▶ _Required work_: From the line containing "Peinture Chroma Gloss" down to the last line of the listing, quote everything word for word, and nothing else, keeping pictures out.

▶ _The data_:
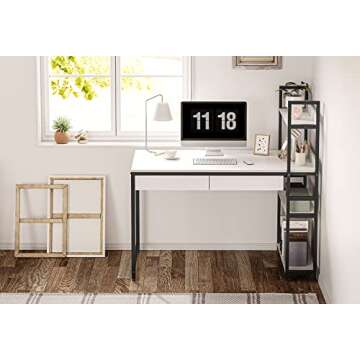 CubiCubi Computer Desk with Shelves, Office Desk with Drawers, 47 Inch Writing Desk with Storage Study Table for Home Office, Living Room, Bedroom, White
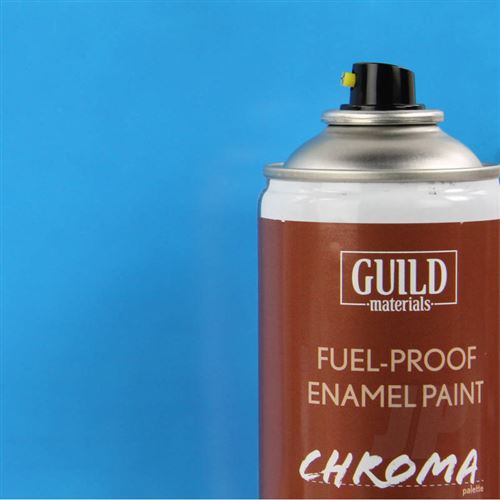 Peinture Chroma Gloss Enamel (résistant Carburant) Bleu Clair - Light Blue (400ml Aerosol) - Guild Materials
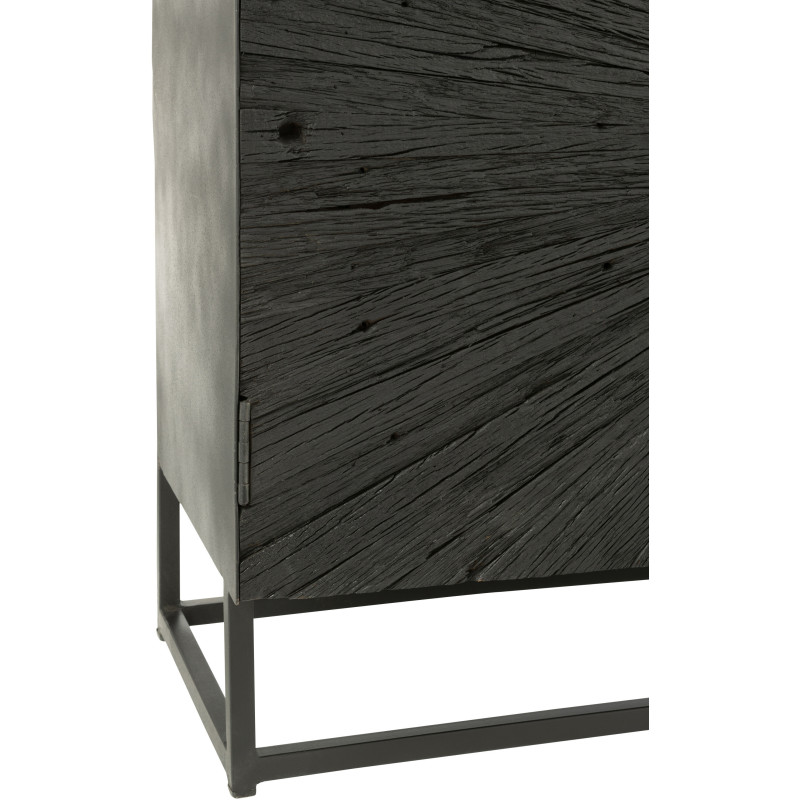 Buffet bas 3 portes Shanil en Bois recyclé Noir Métal Noir - 5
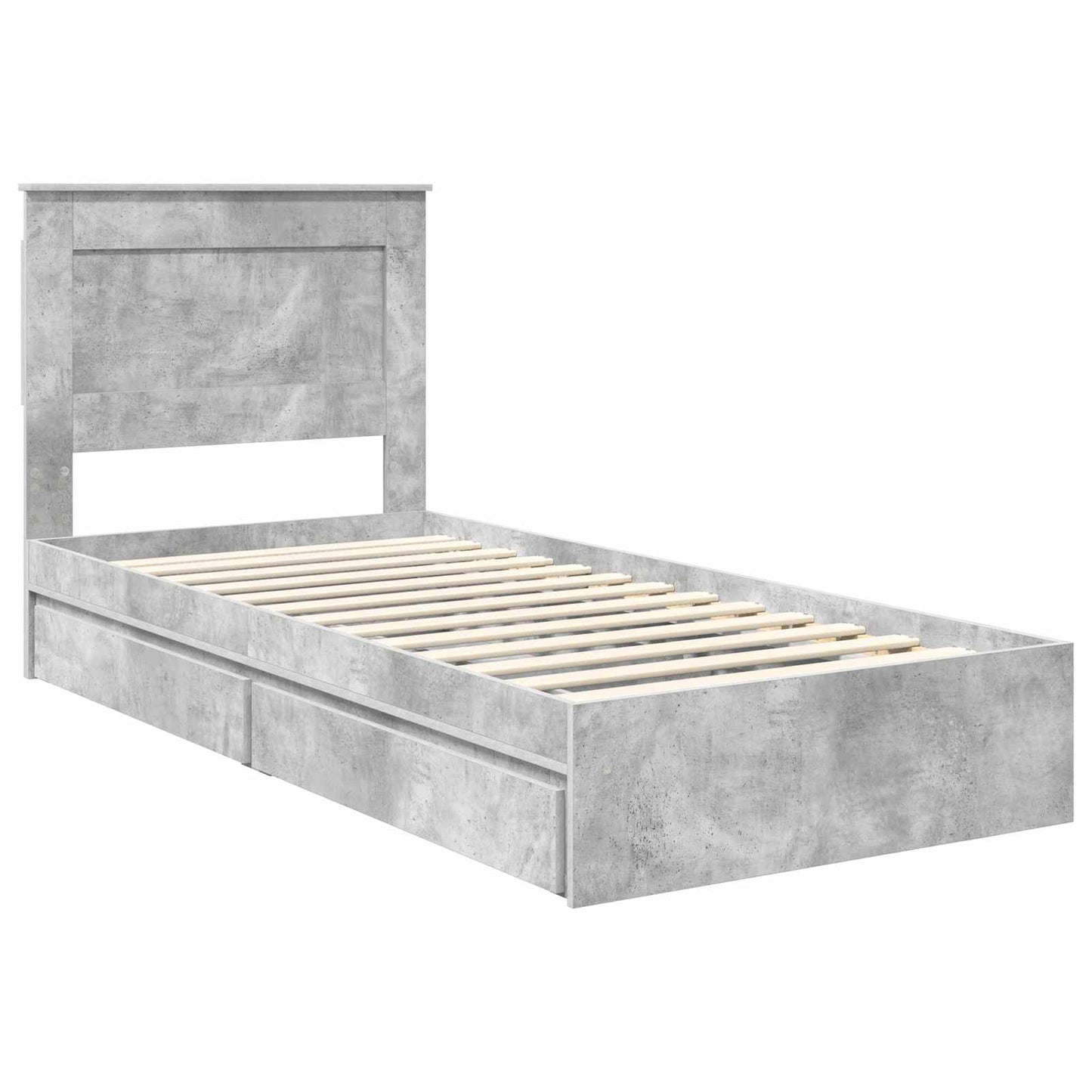 Bedframe met lade Beton Grijs 90 x 190 cm Bewerkt hout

▶ _Result for this exercise_:
 Peinture Chroma Gloss Enamel (résistant Carburant) Bleu Clair - Light Blue (400ml Aerosol) - Guild Materials
 Buffet bas 3 portes Shanil en Bois recyclé Noir Métal Noir - 5
 Bedframe met lade Beton Grijs 90 x 190 cm Bewerkt hout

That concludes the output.